Changing Planet

John Russell Bartlett: An Admiral Turned Oceanographer

The thirty-three founders of the National Geographic Society were an adventurous and accomplished group. They included scientists, explorers, a journalist and a superintendent of the National Zoo. In recognition of the National Geographic Society’s upcoming 125th anniversary this series takes a look at their stories.

By Mark Collins Jenkins

John Russell Bartlett, a career naval officer, was born in New York on September 26, 1843, the son of John R. and Eliza A. Bartlett. He was educated in Cambridge, Massachusetts, and at the U.S. Naval Academy. At the outbreak of the Civil War, he was ordered into service, and throughout that conflict compiled an admirable record. He was present at the passage of Forts Jackson and St. Philip, the memorable battle of Vicksburg, and at the capture of New Orleans.  Bartlett served on Admiral Dahlgren’s staff off of Charleston in 1863-64, and participated in the naval attack on Ft. Fisher.

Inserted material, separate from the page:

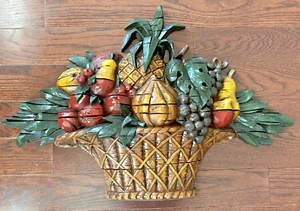 VTG Dart Large 3-D MCM Fruit Basket Wall Art Syroco Wood-Look 24"x16" USA 5161 - Picture 1 of 7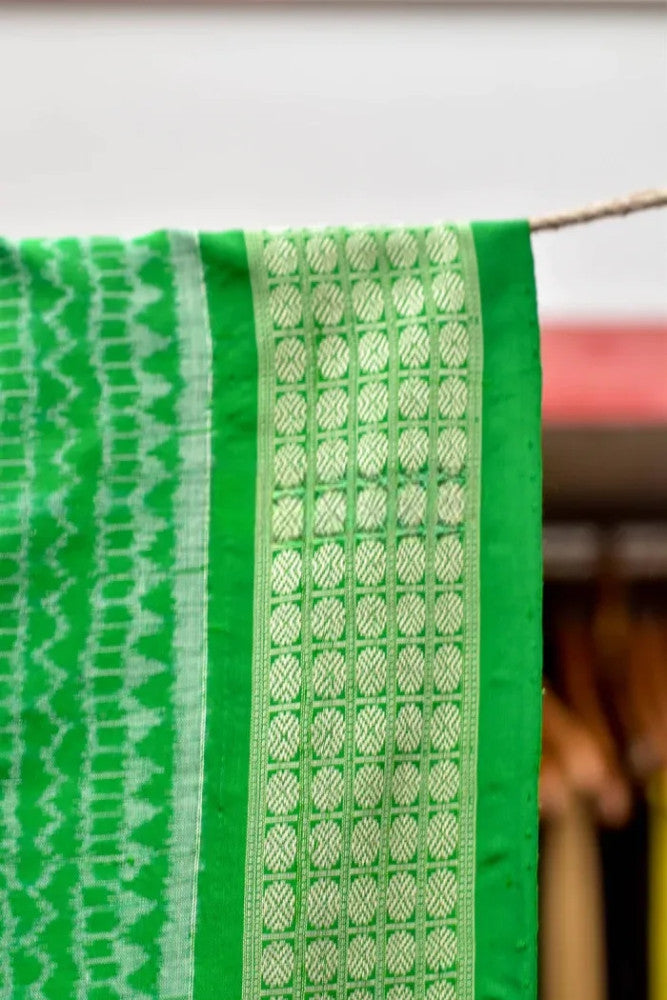 Beautiful Purple & Green Sambalpuri Silk Saree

After the war, Bartlett’s career turned toward oceanography, and his new-found scientific endeavors took him to more exotic locales as he created charts for the coast of West Africa, explored the Isthmus of Tehuantepec, and ventured into the Coatzacoalcos River to begin a survey for a possible interoceanic canal.

Between 1877 and 1882, he commanded the U.S. Coast and Geodetic Survey steamer Blake, carrying out investigations of the Gulf Stream. More new scientific instruments were tested and proved on the Blake than aboard any other research vessel in the first great age of oceanography.  Accurate high-density soundings taken by the Blake’s men lead to the first modern bathymetric map, and the chasm in the seafloor between Cuba and Jamaica was eventually named Bartlett Deep after the man who had sounded its deepest depths.

U.S. Coast and Geodetic Survey steamer Blake.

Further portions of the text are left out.